In a ceremony at Prague Castle, President Milos Zeman appointed Michl, a bank board member who has opposed policy tightening that has brought the bank’s key rate CZCBIR=ECI up by 550 basis points since last June to a 23-year high of 5.75%.
Michl, 44, will replace outgoing Governor Jiri Rusnok for six years from July, and his arrival may sway the bank’s views on using rates against inflation – especially if Zeman appoints like-minded people to three other seats on the seven-strong board in the coming weeks.
The crown, after losing 2% last week on leaks that Michl would get the job, slipped more than 1% to hit a two-month low of 25.47 to the euro after he received the official nod.
Czech inflation is currently running above 14%, the highest level since 1993, and is starting to hit households who face soaring utility bills. Analysts expect a sharp slowdown in growth this year.
Michl said after his appointment that his main goal would be returning inflation to the bank’s 2% target, a process he expected to take two years.
But higher rates were no remedy given inflation was mainly driven by energy prices, he said, and the level of rates when he starts the job should be enough.
“I expect I will propose, at the first meeting I lead in the summer, stability of interest rates for some time,” he said.
“We will evaluate impacts of monetary policy to date, new indicators coming from the economy, and after a certain period decide what next.”

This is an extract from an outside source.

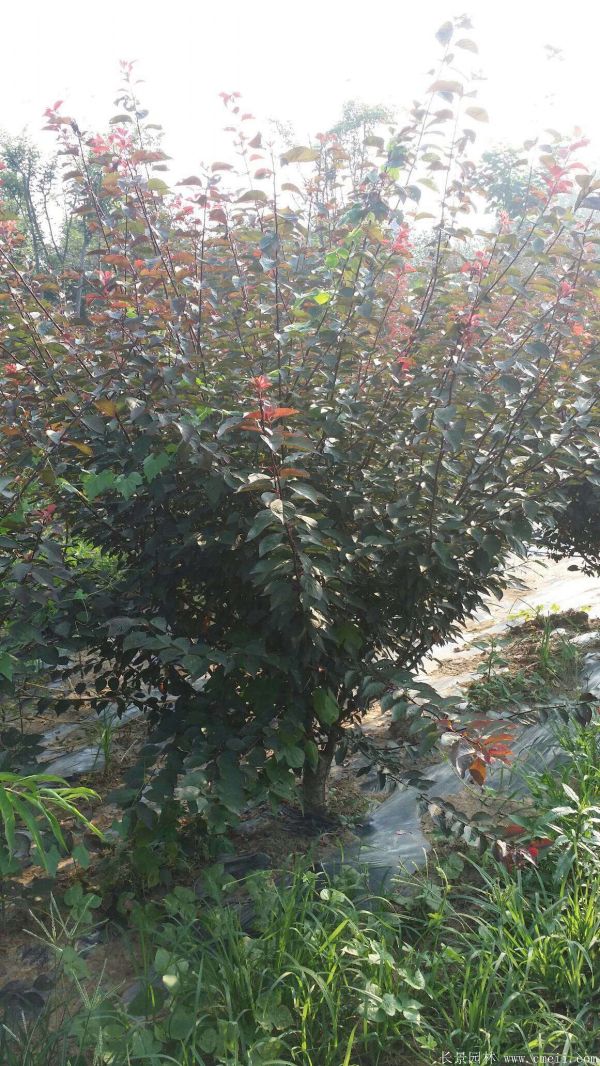 紅梅苗木-沭陽(yáng)長(cháng)景園林 紅梅苗木-沭陽(yáng)長(cháng)景園林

Markets have priced in one last beefy rate hike in June, although that will still lag the bank’s latest outlook showing interest rates soaring this quarter before ebbing after that.
“If the (new) bank board really explicitly excludes further rate growth, it may be seen on the crown, given current high inflation expectations,” said Jan Bures, chief economist at Patria Finance.
“The CNB can, like the NBP (Polish central bank) or NBH (Hungarian central bank) in the past, become a less credible partner for markets and can be pressed into some new action through a weaker exchange rate.”
Economists said Michl may also clash with the central bank’s expert team that has built rate hikes into its forecasts.
“If (Michl’s) conclusions diverge so substantially from the analytics of the central bank, it is not clear to me how does Michl himself see his job at the helm,” said economist Jaromir Baxa from the Faculty of Social Sciences of the Charles University.
VARIOUS PLANS
Zeman has not indicated whether he will replace Vice-Governor Tomas Nidetzky and board member Vojtech Benda – both hike supporters whose terms expire alongside Rusnok’s but who are eligible for reappointment. The president must also fill the seat Michl will vacate when he takes over as governor.
Michl had not always been dovish, voting in the minority for rate hikes after joining the board in 2018.
Before that, Michl worked as an economist at Raiffeisenbank and set up an investment fund. He advised former finance and prime minister, billionaire Andrej Babis, now leader of the opposition and a possible presidential candidate.
Michl has said inflation would drop if cost-side shocks end, budget deficits are cut, and companies show wage restraint.
He has spoken out against sales of any of the bank’s large foreign currency reserves, including its just-expanded programme of selling the returns on those reserve assets.
He has instead advocated for investing the bank’s reserves into higher-yielding assets to make profits, and supporting a sovereign investment fund he proposes to set up.
During the COVID pandemic, the bank rejected his proposal of sending a part of its profit – made mainly on unrealised exchange-rate gains – to the state budget, given the bank is obliged to first cover past losses and create reserve funds.